While vaccines can provide excellent protection for most Canadians, those who are immunocompromised may receive little to no protection due to their weakened immune systems. In essence, a weakened immune system cannot mount an adequate response to vaccines, which means it cannot create an immune memory leading to protection against infection.

In response to some of the concerns faced by immunocompromised Canadians, in 2022 the Canadian Immunocompromised Advocacy Network (CIAN) was formed to raise awareness and advocate for this population.
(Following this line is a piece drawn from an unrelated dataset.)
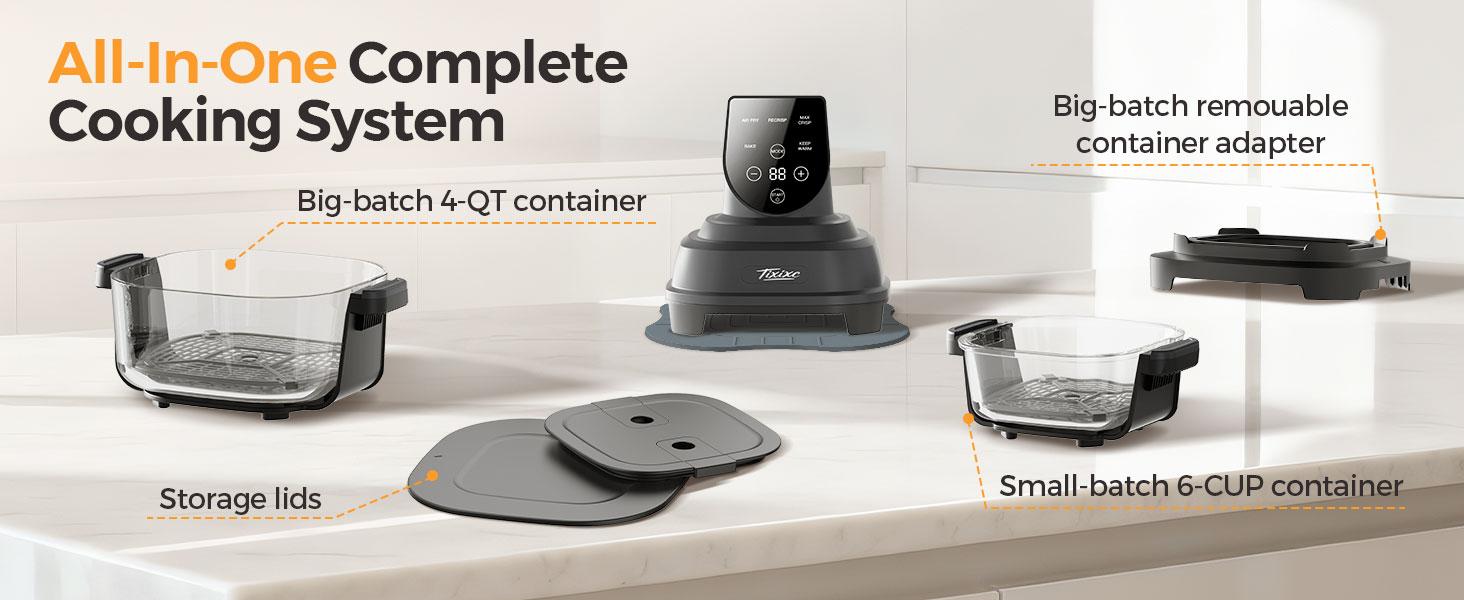 1500W 5-in-1 Glass Air Fryer Non-Toxic - 4Qt Pot+6Cup Container with Lid & Dust Cover, Portable Smart Kitchen Appliance Silicone Pad Included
CIAN is comprised of patient advocates and organizations representing a range of immunocompromising conditions.

Late last year, CIAN created a position paper that has four main calls to action to support immunocompromised Canadians:

  • Increased and ongoing knowledge generation and dissemination around COVID-19
  • Greater alignment on definitions of immunocompromised across Canada
  • Targeted infection control measures (e.g., masks in healthcare settings) to protect immunocompromised patients
  • Easier and more equitable access for prophylactic and therapeutic options for COVID-19 and other potential infectious diseases or pandemic pathogens.

 CIAN is committed to not only improving the overall quality of life for immunocompromised Canadians, but also to collaborating and supporting their network members with important resources to inform their constituents and advocate for equitable and timely access to life saving therapeutics.  If you or someone you know would like to join or endorse the Canadian Immunocompromised Advocacy Network, please email [email protected]

What do CARP Members think? 65% of all non-immunocompromised respondents believe that immunocompromised Canadians should have additional protection and support in dealing with COVID-19.

Vulnerable Populations Who Have Tested Positive for COVID

If you are considered vulnerable and test positive for COVID-19, there are also treatment options available to you, such as antivirals and monoclonal antibodies.  All patients who are at higher risk of severe outcomes based on clinical assessment (including immunocompromised individuals and those over 60 years of age), have tested positive, present within five days of symptom onset, and do not have contraindications are eligible.

Antivirals are drugs used to treat COVID-19 that stop the virus from multiplying, which can help the body to overcome the infection and may help an individual to become better faster.

These medications should be taken in a short window of time after testing positive for COVID-19, so be sure to act quickly following a positive COVID-19 test.  In some provinces, pharmacists can prescribe the antivirals.

Monoclonal antibodies and antivirals are not a substitute for vaccination in individuals for whom COVID-19 vaccination is recommended.

Options available to the Immunocompromised Community

Prevention Treatment



Vaccines are the primary option for preventing COVID-19.  They work by causing the body to produce its own protection (antibodies) against the SARS-CoV-2 virus that causes COVID-19 infection.



Antivirals are drugs that stop the virus multiplying, which can help the body to overcome the infection, and may help a person get better faster.



Monoclonal Antibodies

Monoclonal Antibodies are proteins that work by attaching to specific targets on the virus that is causing infection, preventing the virus from entering and infecting the cells within your body.  This may help reduce the risk of the infection getting worse and/or reduce the risk of hospitalization.



CARP encourages everyone to keep up with the recommended vaccine schedule for COVID-19 and to speak to your health care professional about all of the options available to help protect you from a virus that has not gone away and poses its greatest risk to older adults and those who are immune compromised.